**RECORD EXCERPTS:**

· · ·

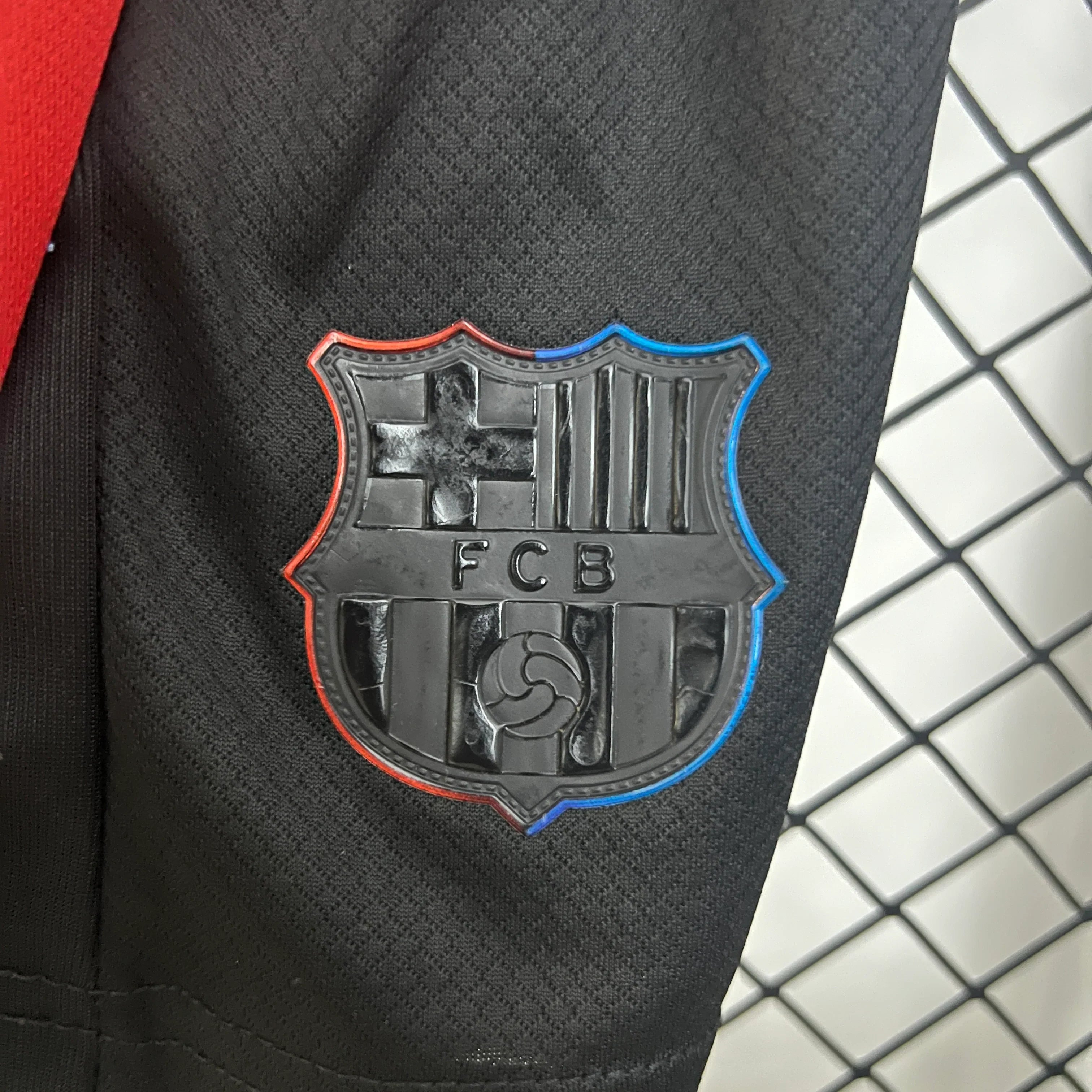 FC Barcelona Niños Visitante 2024-25 - Fútbol Club Vintage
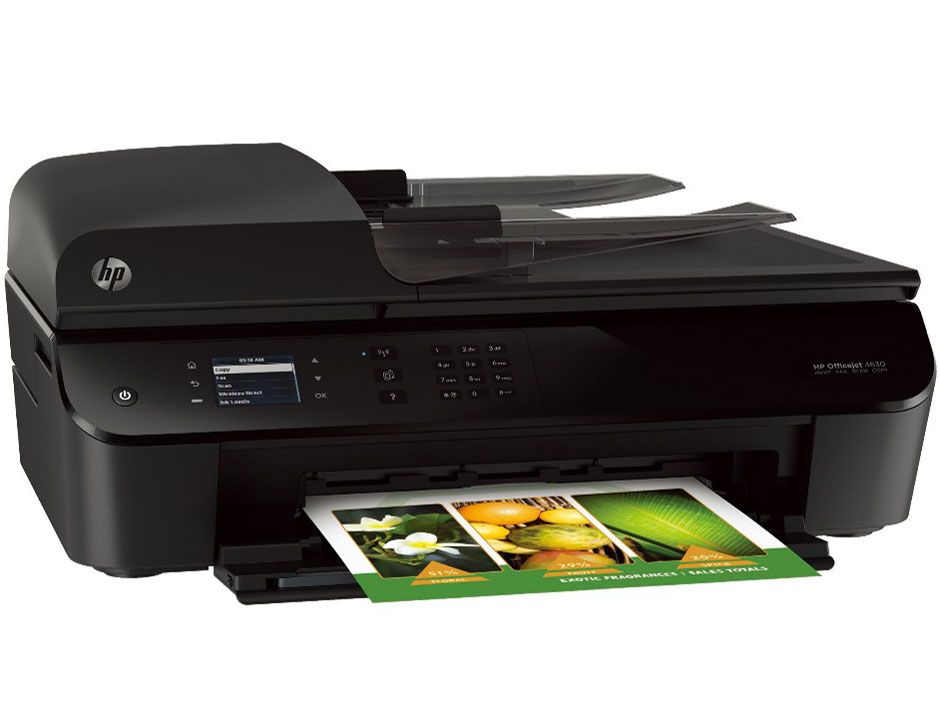 Officejet 4630 �̐��i�摜
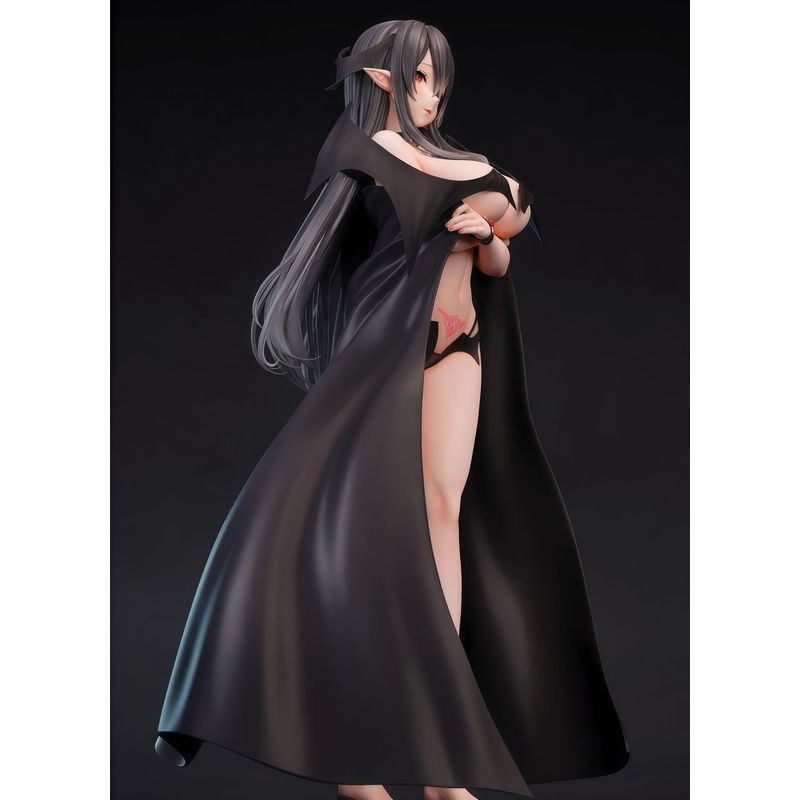 Succubus [S + Phiên bản cao cấp] Anime Phiên bản giới hạn GK Mô hình Tượng Trang trí Hàng hóa Quà tặng hình chơi hợp thời trang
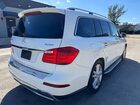 2016 Mercedes-benz Gl 450 4matic White vin: 4JGDF6EE7GA661595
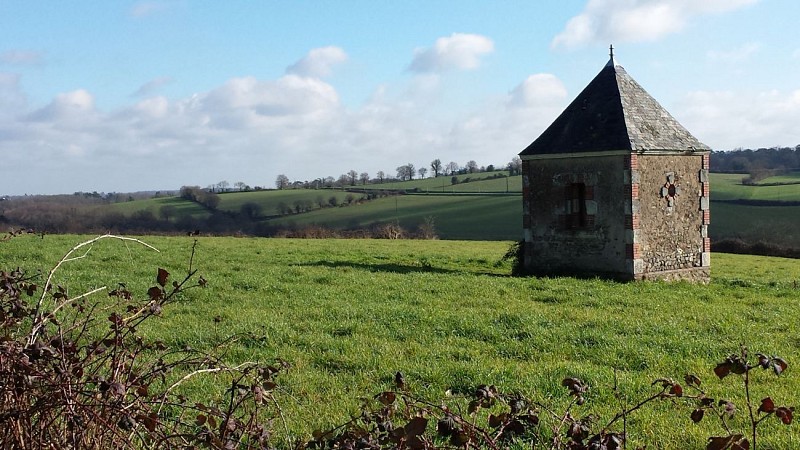 La Vallée du Choiseau 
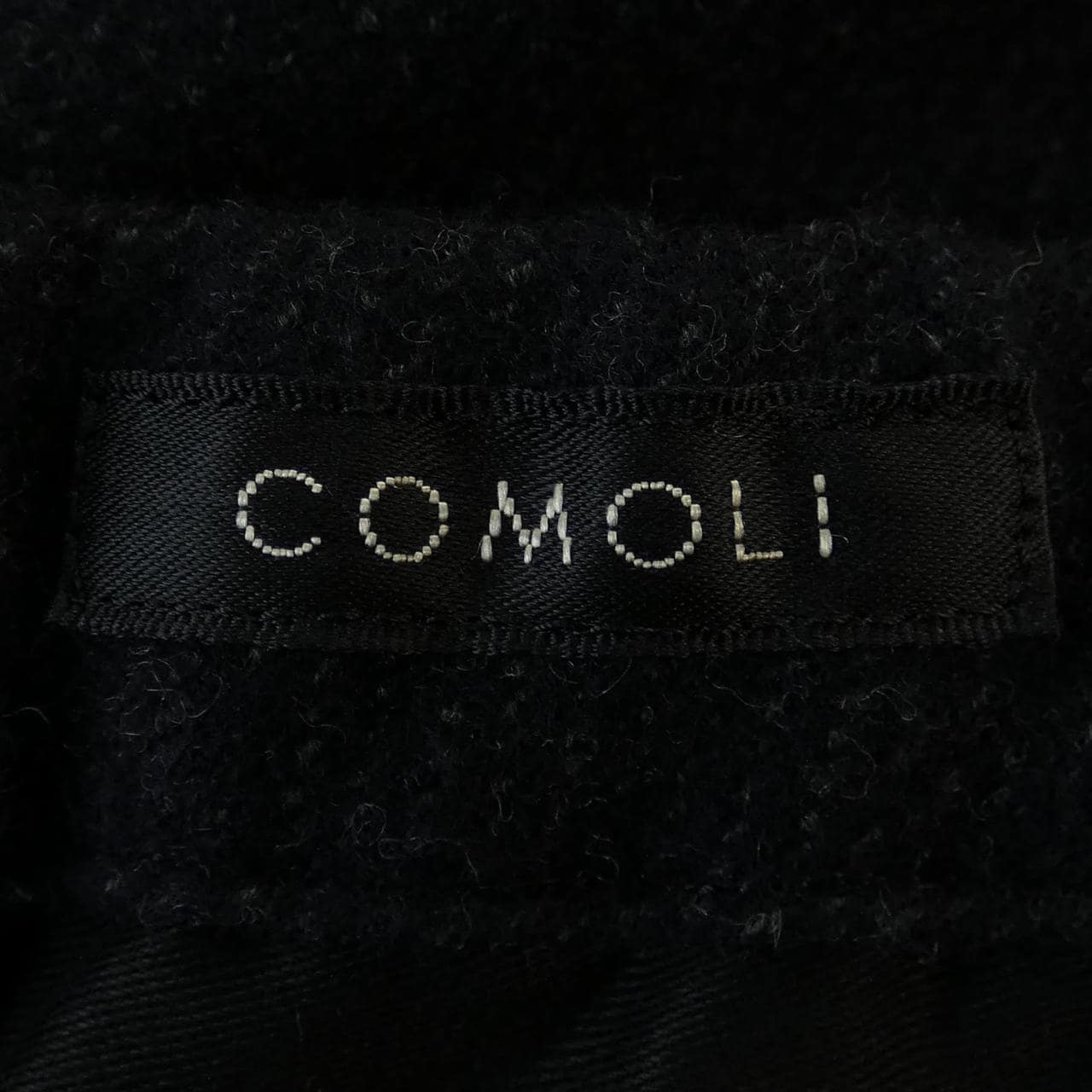 コモリ COMOLI Y03-03008 パンツ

· · ·

**DIRECTIONS FOR THIS TASK:**
Word for word, restate the records above and drop the pictures.

**OUTPUT:**
 FC Barcelona Niños Visitante 2024-25 - Fútbol Club Vintage
 Officejet 4630 �̐��i�摜
 Succubus [S + Phiên bản cao cấp] Anime Phiên bản giới hạn GK Mô hình Tượng Trang trí Hàng hóa Quà tặng hình chơi hợp thời trang
 2016 Mercedes-benz Gl 450 4matic White vin: 4JGDF6EE7GA661595
 La Vallée du Choiseau 
 コモリ COMOLI Y03-03008 パンツ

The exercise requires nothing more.